Brian Bedell: Great, thanks. Good morning folks. Thanks for taking my question. Let me just come back to the treasury futures complex. To what extent is the portfolio margining agreement with DTC contributing to the strong volume growth, or is it just more of a sideshow relative to the other dynamics? Then from the–I appreciate it’s very early in days for the treasury [indiscernible] dynamic, but would that potentially change the cross-margining agreement with DTC? If I could just squeeze in one more, I didn’t see the revenue for EBS and BrokerTec in the prepared quarterly summary. I don’t know if you can comment on those for 1Q.
Terrence Duffy: Yes Brian, we’re going to have to kind of wing this one a little bit, because I think we heard about every third word that you said, for some reason. I don’t know what’s going on with the line, but you kind of tapped out a few different times there. Can I just break this down? You asked about our treasury business, and you asked about DTCC and the offsets – is that correct? And then you asked about–just give me the headline of the other things.
Brian Bedell: Yes, maybe this is clearer. I was on my headset. Basically, the contribution from the portfolio margining in your treasury volumes, just to sort of categorically–is it really helping or is it merely more of the market dynamics? Then back to the treasury clearing question, maybe it’s early days, but does your application complicate things with the DTC agreement–
Terrence Duffy: Oh, okay. That’s the part I missed. That’s the part I missed. Okay, we got it. I’m going to let–I’m going to take your last question, but the first couple, I’m going to have Suzanne Sprague, who heads up our clearing and risk, deal with those. Suzanne?
Suzanne Sprague: Yes, thanks very much for the question. Just on the participation and the existing programs, we have seen some new clearing members take direct membership to be able to take advantage of that cross-margin program that is currently in place for house accounts between ourselves and the fixed income clearing corporation. I think it’s hard to quantify how much of that would be new activity versus activity that may have been cleared as clients grew existing clearing numbers prior to that. Tim McCourt may be able to chime in a little bit on his thoughts there about the growth in that activity, but generally our focus with the DTCC continues to be growing the participation in that program as well as extending that program to customers.

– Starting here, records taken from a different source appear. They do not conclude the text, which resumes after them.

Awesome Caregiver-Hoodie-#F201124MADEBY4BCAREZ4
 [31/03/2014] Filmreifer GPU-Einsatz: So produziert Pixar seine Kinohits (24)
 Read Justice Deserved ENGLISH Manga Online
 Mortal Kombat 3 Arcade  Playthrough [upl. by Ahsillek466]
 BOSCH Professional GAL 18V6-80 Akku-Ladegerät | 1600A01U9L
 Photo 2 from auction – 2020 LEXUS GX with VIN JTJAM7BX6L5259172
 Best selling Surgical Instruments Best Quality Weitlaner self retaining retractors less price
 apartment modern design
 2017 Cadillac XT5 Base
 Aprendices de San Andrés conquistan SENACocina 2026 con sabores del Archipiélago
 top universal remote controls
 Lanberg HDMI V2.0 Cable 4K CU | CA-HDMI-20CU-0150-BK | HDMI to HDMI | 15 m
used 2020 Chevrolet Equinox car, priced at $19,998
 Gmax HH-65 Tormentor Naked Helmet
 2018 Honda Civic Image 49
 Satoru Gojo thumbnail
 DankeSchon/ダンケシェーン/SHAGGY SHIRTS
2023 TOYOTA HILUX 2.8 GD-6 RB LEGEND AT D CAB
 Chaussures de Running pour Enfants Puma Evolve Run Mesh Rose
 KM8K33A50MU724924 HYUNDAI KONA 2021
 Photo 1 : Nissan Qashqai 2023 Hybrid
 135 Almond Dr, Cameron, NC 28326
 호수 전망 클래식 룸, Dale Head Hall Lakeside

It’s something that we’ve been working very closely as partners on and is still important to us in thinking about the clearing mandate and bringing to market more efficiencies for those end clients that could be impacted by the clearing mandate as well.
Terrence Duffy: Okay. Tim, do you have anything to add? I’ll talk about the relationship with DTCC, but–
Tim McCourt: I think the one thing I would add is when we look at the additive value of the CME one pop [ph] portfolio margin, where we have the futures against the–futures and options against the swaps, is that has grown significantly over the years, and while it’s hard to exactly draw a strict relationship, as Suzanne said, as those margin savings have grown to $7 billion to $8 billion last year per day, about $7 billion per day this year, along that our interest rate complex has doubled in volume and open interest, and that is the testament. We believe is we focus on unlocking capital efficiencies for our client, enabling them to more efficiently manage their risk, we would expect any further capital savings to have similar effects, but hard to say what that coefficient of growth might be.
But we think it is a tailwind for our complex, and the more we can do to unlock those savings, the better we will do on the transaction side for futures, options and swaps here at CME.
Terrence Duffy: Thanks Tim, I think that’s really important. Let me just add, Brian, that on the relationship with DTCC as it relates to our treasury clearing application, I have spoken to those folks before I said anything publicly about this, and what I also said publicly when we announced this is that I do believe that DTCC has the most efficient offering in clearing of these products today. We didn’t create the mandate that’s coming at us in 2026. We have an obligation, as I’ve told my friends at DTCC, that we have to go through with this application. We don’t know what’s going to happen in 2026 when the mandate kicks in, what the market structure is going to look like, is it going to change, is it going to be the same.